Restaurant managers have tried to adapt to the recent labor shortages. For all the talk of workers leaving the industry, restaurants are still inundated with applicants on online job postings.
“There is a flood of applicants for every position we have,” said Kevin Mendez, a front-of-house manager at one of Nashville’s top-rated restaurants. “That’s made it fairly easy to stay decently well-staffed.”
More than ever, they are being ghosted by new hires.
“The widespread availability of jobs means a lot of workers aren’t as committed,” said Mendez. “People have come for an interview, gone through onboarding, trained for a couple days and then never showed up again. Then they send us a message days later saying they’ve accepted another job. They can jump across the street and pick up another job immediately. There’s so much mobility right now. It’s happened way too many times.”
Mendez says he is listening to his employees and wants to offer them what he can to keep them with the company.
“We have incentives for attendance,” said Mendez. “Whoever has the best attendance gets gift certificates to local restaurants and free bottles of wine. We’ve improved our benefits package. Employees get half-off food at all times. We try our best to schedule them only during their desired availability and work with them as much as possible to give them time off when they request it.”

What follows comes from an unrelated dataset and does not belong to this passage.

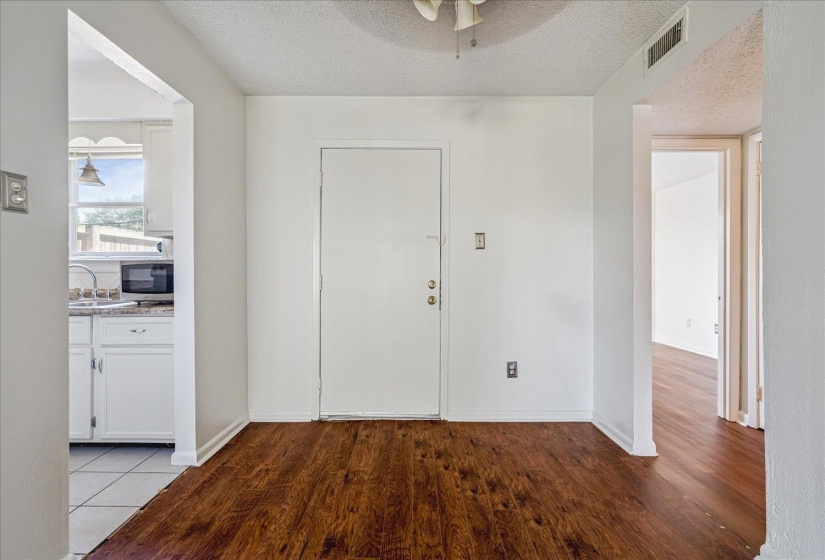 Interior space featuring wood-finish flooring, white walls, and a white ceiling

When asked why he wakes up every morning and decides not to leave food service like so many others have, Mendez opened up about the perks he likes best as well as his future plans.
“A stable, steady paycheck is nice,” said Mendez. “I get to keep tasting and experiencing new wines. The food is amazing. My aspirations to one day open my own establishment keep me going.”
Food service is not for everyone. Industry workers have to deal with a wide variety of people on a daily basis all while on their feet for significant amounts of time with few breaks. For some, working in the food service industry is a stepping stone to bolster a different career path. For others, it’s a side hustle used to make ends meet. For a few, it’s a passion and lifestyle.
Even after all the chaos of the pandemic era and the Great Resignation, the food service industry will live on. Hopefully workers across the industry will continue to see higher pay and better benefits as society establishes a new normal.